It's often said that 0's and 1's are represented by voltage, if the voltage is in the interval [0, 0.9), then it is a 0. If the voltage is in the interval [0.9, 1.5), then it is a 1 (voltages may vary, I'm only giving an example).

To some degree, you've mostly created this problem by using an unrealistic example. There is a much larger gap between logical low and high in real circuits.

For example, 5V CMOS logic will output 0-0.2V for logic low and 4.7-5V for logic high, and will consistently accept anything under 1.3V as low or anything over 3.7V as high. That is, there are much tighter margins on the outputs than the inputs, and there's a huge gap left between voltages which might be used for logical low signals (<1.3V) and ones that might be used for logical high (>3.7V). This is all specifically laid out to make allowances for noise, and to prevent the very sort of accidental switching that you're describing.

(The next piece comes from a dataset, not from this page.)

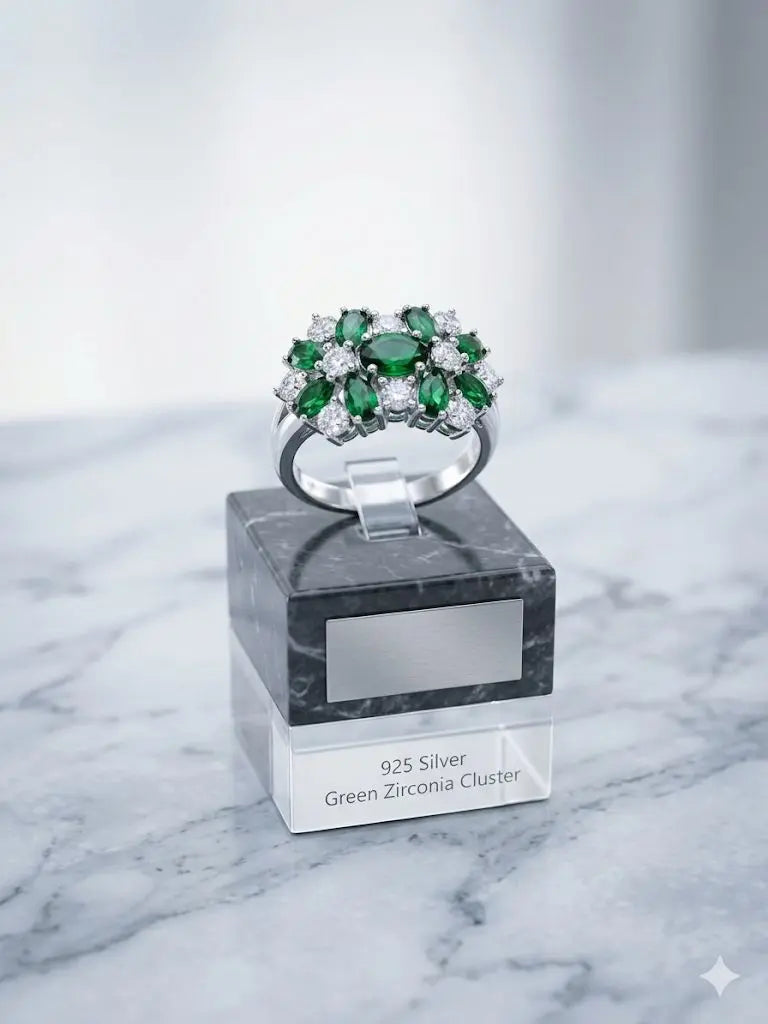 AAA+ Certified, Quality Silver - 925, Gem Cubic Zirconia, Size 7, Weight 4.3gm, ABC-900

Here's a visual representation of the thresholds for a variety of logic standards, which I've borrowed from interfacebus.com:

Logic level thresholds][1]

Each column represents one logic standard, and the vertical axis is voltage. Here's what each color represents:

  • Orange: Voltages in this range are output for logical high, and will be accepted as logical high.
  • Light green: Voltages in this range will be accepted as logical high.
  • Pink/blue: Voltages in this range won't be interpreted consistently, but the ones in the pink area will usually end up being interpreted as high, and ones in the blue area will usually be low.
  • Bluish green: Voltages in this range will be accepted as logical low.
  • Yellow: Voltages in this range are output for logical low, and will be interpreted as logical low.
  • 4
    Good answer, though I think it could be more complete: you only cover immunity to (or rather, protection against) noise. There are many other mechanisms responsible for digital errors, and just as many means of protection. The good thing is, I didn't cover immunity to noise in my answer :) – Mister Mystère Apr 27 '16 at 11:42
  • 1
    @MisterMystère That's true! Error correction is kind of a huge topic, though, and I couldn't possibly cover all of it in a single answer. –  Apr 28 '16 at 01:51
  • 1
    @MisterMystère: Well, "noise" is a term that covers all kinds of stochastic error sources. Your examples of EM interference and cosmic radiation fall into the category of "noise" just fine. The only other cause of digital error is a deterministic one, which we call a "bug". But this question is only about the accidental errors. – Ben Voigt Apr 28 '16 at 14:29
  • In your third bullet, I believe you have the colors or the logic switched. the pink should be low and the blue should be high. – Guill Apr 28 '16 at 21:41
  • @Guill Huh? The pink region is above V_T, so it will unreliably be treated as logical high. –  Apr 28 '16 at 22:02
  • So doesn't this just invite the question "How often do voltages fall inside the blue/pink ranges?"? Some of those "unreliable" ranges seem quite large. How do they compare to real-world tolerances? How often would you expect a bit to be accidentally flipped in, say, the RAM of a modern laptop? – naught101 Apr 29 '16 at 02:03
  • @naught101 Keep in mind that these voltage standards only apply to signalling. Voltages inside DRAM are a completely different issue. –  Apr 29 '16 at 02:10
  • @duskwuff: ok, "between CPU and RAM" or similar then - I mean, there are lots of pathways in a computer, how often does one of them result in an accidental flipped bit? – naught101 Apr 29 '16 at 02:26
  • Yeah but who uses 5V transistors these days? This is a real problem for modern small processes that work with much lower voltages - as the troubles with DDR3 ram clearly demonstrate (look up rowhammer attacks). You really can't say "this is not a problem" when there are existing exploits out there that do exactly that. – Voo Apr 29 '16 at 18:16
  • @Voo Margins on 3.3V (or lower) CMOS are, generally speaking, proportional to the 5V margins. And as I've said already, DRAM levels are a separate issue. –  Apr 29 '16 at 23:51
  • @duskwuff Even then, a transistor can easily start violating its specifications (operating outside its temperature range, manufacturing errors,..), which would then violate the propagation delay assumptions of the circuit which would then lead to mistaking a high for low or vice-versa. But I guess it really depends how you interpret the question. – Voo May 01 '16 at 09:02
  • The 5V CMOS example looks completely symmetric. Is this an accident of the materials used or is there a deep reason behind it? – Nayuki May 01 '16 at 23:12
66

We can't. We are just decreasing the probability of errors by adding checks to the data. Depending on what type of data is to be checked, it can either be done via hardware or software, and can take any form from simple checksum bits in serial streams to cyclic state machines allowing only specific transitions to be made at any given time.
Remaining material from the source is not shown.